In a study performed in China, m-RNA profiling was used to identify bloodstains on 30 and 50-year-old samples. The stains were extracted, exposed to RT-PCR, and quantified before employing capillary electrophoresis. Seven specific markers and housekeeping genes were used to identify the bloodstain. HBA and HBB, subunits of hemoglobin, were the most stable in the aged stains and recommended to be primary markers along with B2M (beta-2-microglobulin) as a housekeeping gene, and others to ensure sensitivity. The researchers found that this extends the detection window of HBB detection from 23-year-old samples to up to 50 years. (Zhao et al.,2017). From the extraction process used, full STR profiles were able to be obtained from the 30-year-old samples while a partial profile was obtained for the 50-year-old sample (Zhao et al., 2017). This can allow labs to reduce backlogs by utilizing this technique and develop a possible lead and identify the source of stains from cold cases. Although this research only experimented with bloodstains, it shows the possibility of applying similar procedures to other body fluids in cold cases and other degraded samples.
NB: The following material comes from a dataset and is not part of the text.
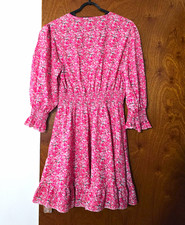 Womens Pink Floral Fit & Flare Dress V-Neck 3/4 Puff Sleeve Smocked, Size L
m-RNA profiling has great potential to be used for identification of body fluid since it can differentiate based on tissue specific gene expression and provide STR profiles using the same sample. Utilizing this method also shows the possibility for confirmation testing in conjunction with the current screening tests (Fleming and Harbison, 2010). In order to solidify that this method can be relied on for crime scene samples, research with larger sample sizes, extractions from various substrates, and working with mixtures must be analyzed. Further, providing guidelines that can aid forensic biologists with interpreting mixtures, the number of genetic and housekeeping markers and needed per body fluid, would be ideal (Afolabi et al., 2017).
Establishing robust methods that are clear, specific and sensitive, are necessary in determination the most likely sequence of events (Jakubowska et al., 2013). Current methods are limited by false-positives, specificity to the presence of one type of body fluid, and can be destructive to the sample. Therefore, both Raman Spectroscopy and m-RNA profiling are great prospective methodologies that can resolve these issues or be used in conjunction with current methods in testing for all body fluids simultaneously and using the same sample for identification and individualization. Integration of these methods can greatly promote efficiency with casework and reduce false-positives in experimentation.